For all the young uns at the back, Bob Todd was the name of an actor mainly active in the 70s and 80s, who was most famous for playing a ‘straight man’ and one of the comedy stooges to the late great Benny Hill. He is also immortalized in the brilliantly named song ‘99% of Gargoyles Look Like Bob Todd’ by Half Man Half Biscuit off their classic 1985 LP ‘Back in the DHSS’.
When I discovered that someone had used the name of this well-loved cult British actor to name a band, It immediately pricked my ears and raised a big cheesy grin. According to bobtodd’s Bandcamp, they were born Boxing Day 2024 as an “as live” studio project. Name checking Cabaret Voltaire, Devo, Bogshed, Neu!, Brigandage, Max Romeo, The Cravats, Prince Jammy, John Foxx among others as their loves and influences, they signed off their description with “We don’t really sound like any of them. We are Electronic Punk Lo-Fi for people determined not to live in the past.” I bloody love that.
So following up from their recent ‘virtual 12-inch single’ “Further Beyond The Pale/Sticky Beak”, bobtodd have now come finally delivered their latest EP/Mini Album entitled “Dance Chapter 1”.
Right from the off the eponymously named opener has lo-fi fuzz drenched all over it. The speaker hum is just gorgeous. Minimalist (I will be using this word a lot in this piece) percussion and beats come in and drive the track forward to an abrupt end. Good stuff.
The brilliantly titled (and very Jim Bob) ‘Cops And Robbers And OAPs’ starts with the warm and every present speaker fuzz. Nice. Minimalist (I told you) percussion and beats come in as well as a very infectious skank.

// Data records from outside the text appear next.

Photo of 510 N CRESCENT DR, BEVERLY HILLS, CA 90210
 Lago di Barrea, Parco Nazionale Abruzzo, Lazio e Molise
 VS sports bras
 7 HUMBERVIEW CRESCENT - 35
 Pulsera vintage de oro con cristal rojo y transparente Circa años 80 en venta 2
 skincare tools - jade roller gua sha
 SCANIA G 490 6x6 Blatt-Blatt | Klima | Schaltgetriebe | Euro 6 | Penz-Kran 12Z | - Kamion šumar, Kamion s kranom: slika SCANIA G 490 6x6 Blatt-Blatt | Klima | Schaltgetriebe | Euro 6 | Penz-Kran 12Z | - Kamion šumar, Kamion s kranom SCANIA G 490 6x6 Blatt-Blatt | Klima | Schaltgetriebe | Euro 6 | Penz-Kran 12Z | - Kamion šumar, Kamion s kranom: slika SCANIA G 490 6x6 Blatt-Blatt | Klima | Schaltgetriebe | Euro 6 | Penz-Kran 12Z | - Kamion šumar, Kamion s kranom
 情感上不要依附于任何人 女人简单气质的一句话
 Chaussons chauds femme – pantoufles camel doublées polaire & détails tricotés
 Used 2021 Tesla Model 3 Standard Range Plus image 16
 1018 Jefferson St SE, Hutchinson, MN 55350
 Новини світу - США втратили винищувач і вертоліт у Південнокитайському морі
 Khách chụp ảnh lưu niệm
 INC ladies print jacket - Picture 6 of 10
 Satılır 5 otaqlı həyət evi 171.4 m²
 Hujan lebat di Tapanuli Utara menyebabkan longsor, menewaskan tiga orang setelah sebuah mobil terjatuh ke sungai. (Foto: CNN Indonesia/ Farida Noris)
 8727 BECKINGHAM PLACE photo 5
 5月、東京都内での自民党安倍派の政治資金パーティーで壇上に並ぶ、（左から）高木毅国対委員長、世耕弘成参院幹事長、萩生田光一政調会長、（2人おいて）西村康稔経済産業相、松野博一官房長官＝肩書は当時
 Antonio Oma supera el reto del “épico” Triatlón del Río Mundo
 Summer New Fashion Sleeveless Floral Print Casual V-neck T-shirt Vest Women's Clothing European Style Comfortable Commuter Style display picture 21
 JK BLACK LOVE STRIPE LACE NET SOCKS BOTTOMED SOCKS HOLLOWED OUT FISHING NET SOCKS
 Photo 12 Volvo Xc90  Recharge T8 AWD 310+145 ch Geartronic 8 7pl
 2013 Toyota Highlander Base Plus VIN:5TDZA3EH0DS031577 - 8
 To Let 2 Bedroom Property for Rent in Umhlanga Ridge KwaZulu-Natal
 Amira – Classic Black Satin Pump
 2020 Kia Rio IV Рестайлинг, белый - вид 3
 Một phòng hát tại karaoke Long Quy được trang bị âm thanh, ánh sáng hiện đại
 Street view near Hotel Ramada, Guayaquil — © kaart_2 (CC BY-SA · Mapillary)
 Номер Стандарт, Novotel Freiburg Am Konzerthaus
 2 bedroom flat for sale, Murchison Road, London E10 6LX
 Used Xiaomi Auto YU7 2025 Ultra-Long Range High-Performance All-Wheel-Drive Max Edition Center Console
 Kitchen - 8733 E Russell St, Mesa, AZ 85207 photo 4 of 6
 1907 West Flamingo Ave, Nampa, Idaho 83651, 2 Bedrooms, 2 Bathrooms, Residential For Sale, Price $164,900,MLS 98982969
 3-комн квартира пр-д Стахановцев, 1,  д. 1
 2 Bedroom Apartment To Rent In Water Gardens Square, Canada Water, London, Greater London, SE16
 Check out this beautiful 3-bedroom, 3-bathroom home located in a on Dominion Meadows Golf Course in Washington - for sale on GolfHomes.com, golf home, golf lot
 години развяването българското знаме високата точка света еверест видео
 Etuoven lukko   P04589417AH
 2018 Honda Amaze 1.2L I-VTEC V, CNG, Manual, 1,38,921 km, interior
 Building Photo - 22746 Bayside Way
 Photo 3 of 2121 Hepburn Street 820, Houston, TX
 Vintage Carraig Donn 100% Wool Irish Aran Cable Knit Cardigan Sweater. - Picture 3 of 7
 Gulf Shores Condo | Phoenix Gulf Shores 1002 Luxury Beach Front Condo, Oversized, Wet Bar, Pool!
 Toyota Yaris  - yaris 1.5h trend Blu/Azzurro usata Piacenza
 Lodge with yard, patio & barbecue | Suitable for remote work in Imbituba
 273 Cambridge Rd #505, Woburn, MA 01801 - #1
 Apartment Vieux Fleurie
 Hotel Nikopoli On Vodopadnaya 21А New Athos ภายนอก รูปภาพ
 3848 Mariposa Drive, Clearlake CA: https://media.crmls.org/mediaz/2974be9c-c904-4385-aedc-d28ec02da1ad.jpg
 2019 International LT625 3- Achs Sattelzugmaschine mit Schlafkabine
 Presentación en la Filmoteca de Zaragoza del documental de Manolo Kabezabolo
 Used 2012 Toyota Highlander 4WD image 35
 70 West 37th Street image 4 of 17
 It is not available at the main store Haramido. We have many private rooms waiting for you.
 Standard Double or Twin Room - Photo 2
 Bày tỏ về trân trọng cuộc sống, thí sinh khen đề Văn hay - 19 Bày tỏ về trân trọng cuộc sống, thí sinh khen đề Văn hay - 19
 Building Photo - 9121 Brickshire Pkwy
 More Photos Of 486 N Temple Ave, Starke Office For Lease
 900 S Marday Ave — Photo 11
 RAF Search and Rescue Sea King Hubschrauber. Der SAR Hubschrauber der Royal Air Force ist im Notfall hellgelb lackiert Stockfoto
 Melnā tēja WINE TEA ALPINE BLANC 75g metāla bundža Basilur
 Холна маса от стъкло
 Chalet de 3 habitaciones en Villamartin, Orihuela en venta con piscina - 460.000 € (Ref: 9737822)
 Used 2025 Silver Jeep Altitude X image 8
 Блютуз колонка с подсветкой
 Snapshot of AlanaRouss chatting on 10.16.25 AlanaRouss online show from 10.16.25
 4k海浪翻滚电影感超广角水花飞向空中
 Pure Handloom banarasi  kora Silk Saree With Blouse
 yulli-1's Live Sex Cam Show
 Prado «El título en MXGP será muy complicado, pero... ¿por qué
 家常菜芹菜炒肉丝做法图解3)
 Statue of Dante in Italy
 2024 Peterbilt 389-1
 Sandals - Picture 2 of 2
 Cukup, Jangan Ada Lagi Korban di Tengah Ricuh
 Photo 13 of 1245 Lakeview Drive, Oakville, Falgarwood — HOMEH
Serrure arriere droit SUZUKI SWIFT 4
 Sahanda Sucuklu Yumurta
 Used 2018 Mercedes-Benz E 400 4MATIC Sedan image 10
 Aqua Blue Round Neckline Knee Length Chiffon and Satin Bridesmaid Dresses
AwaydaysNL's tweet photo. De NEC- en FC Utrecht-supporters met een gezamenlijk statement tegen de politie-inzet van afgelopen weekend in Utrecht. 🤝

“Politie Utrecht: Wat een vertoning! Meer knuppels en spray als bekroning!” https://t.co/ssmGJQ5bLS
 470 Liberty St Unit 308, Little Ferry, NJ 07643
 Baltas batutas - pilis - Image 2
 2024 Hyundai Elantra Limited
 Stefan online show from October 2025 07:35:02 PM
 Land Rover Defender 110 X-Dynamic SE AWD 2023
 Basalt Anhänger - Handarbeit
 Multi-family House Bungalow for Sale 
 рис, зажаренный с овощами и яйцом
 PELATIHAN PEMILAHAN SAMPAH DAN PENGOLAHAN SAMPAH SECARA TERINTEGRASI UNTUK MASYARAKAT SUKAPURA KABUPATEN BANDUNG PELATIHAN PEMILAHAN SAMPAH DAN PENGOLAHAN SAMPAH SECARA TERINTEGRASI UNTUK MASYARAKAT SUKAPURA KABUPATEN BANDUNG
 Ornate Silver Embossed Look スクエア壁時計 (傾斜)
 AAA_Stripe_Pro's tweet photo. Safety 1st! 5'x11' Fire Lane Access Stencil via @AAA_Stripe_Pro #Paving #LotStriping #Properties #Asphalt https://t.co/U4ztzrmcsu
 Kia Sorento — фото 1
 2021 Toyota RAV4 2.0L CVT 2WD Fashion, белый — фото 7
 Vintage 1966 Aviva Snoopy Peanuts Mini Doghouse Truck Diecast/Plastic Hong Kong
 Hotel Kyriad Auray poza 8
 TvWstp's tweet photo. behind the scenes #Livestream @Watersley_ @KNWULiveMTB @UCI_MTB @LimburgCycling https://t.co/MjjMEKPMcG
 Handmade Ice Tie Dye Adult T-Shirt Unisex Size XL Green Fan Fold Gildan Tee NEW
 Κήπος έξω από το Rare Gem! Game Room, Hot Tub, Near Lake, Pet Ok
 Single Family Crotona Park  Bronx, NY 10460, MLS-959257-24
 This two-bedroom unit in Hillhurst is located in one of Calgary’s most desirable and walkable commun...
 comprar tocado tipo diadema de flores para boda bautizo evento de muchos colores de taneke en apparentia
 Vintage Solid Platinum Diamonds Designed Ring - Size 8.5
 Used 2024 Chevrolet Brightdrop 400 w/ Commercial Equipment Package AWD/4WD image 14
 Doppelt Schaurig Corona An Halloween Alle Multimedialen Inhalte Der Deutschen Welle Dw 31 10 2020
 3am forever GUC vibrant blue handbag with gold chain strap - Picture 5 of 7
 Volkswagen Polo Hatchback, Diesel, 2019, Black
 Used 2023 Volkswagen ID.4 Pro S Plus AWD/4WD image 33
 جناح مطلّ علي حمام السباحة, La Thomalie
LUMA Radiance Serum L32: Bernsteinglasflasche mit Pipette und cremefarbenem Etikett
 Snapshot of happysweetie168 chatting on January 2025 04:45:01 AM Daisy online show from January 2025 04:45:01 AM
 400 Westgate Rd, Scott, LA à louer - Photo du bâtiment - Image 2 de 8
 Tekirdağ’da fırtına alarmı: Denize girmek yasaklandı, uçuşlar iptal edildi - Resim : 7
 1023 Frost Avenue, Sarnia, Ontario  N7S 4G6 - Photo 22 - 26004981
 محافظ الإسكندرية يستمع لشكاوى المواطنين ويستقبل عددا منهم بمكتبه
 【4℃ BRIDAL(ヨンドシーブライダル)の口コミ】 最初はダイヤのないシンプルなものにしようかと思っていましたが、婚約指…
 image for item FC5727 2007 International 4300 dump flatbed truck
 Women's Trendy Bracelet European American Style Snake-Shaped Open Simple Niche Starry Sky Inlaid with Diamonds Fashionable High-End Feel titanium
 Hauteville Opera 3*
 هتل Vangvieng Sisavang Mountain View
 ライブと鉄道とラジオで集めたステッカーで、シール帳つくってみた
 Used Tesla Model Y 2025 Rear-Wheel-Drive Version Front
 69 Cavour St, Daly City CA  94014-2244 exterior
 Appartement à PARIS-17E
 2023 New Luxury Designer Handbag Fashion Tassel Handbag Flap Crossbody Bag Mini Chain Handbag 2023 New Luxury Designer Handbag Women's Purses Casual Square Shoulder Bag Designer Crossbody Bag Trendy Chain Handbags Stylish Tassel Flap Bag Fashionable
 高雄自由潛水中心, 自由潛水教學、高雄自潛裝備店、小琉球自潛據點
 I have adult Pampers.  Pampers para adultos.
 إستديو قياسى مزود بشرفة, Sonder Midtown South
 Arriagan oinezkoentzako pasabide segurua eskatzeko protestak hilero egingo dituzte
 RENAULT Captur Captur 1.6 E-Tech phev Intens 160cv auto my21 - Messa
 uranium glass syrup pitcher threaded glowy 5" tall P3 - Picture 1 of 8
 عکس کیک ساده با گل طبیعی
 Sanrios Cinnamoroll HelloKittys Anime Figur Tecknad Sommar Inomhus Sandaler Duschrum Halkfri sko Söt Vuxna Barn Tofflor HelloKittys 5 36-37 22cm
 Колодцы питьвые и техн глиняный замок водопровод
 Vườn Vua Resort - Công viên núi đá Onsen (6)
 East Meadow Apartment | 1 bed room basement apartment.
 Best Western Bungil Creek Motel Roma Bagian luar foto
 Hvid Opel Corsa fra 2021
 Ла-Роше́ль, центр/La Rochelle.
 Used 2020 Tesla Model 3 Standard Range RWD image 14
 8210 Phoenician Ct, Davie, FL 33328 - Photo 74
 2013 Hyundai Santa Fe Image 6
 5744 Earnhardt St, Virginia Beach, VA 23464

The repeated refrain of the title makes it feel like a Specials demo Terry Hall may have recorded on his mobile phone if they existed in 1977. Infectious, and you will be humming it for days.
‘Playing On Prejudices’ has the stark beats overlaid with lyrics about ‘hate you spread’ surely is a track reacting to the recent summer of hate that we’ve had to endure. The beats are so minimal they feel and sound like they were created on one of Rolf Harris’s Stylophones or a re-wired Gameboy. Amazing.
Four tracks in and we have the track of the EP. ‘Unsustainable’ is about the cost-of-living crisis and the lyrics are caustic and delivered in their dry and matter of fact way. The beats and percussion have a really great slice of fuzzy noise running through that accompanies and gives the track depth and structure. A standout track. More of this please.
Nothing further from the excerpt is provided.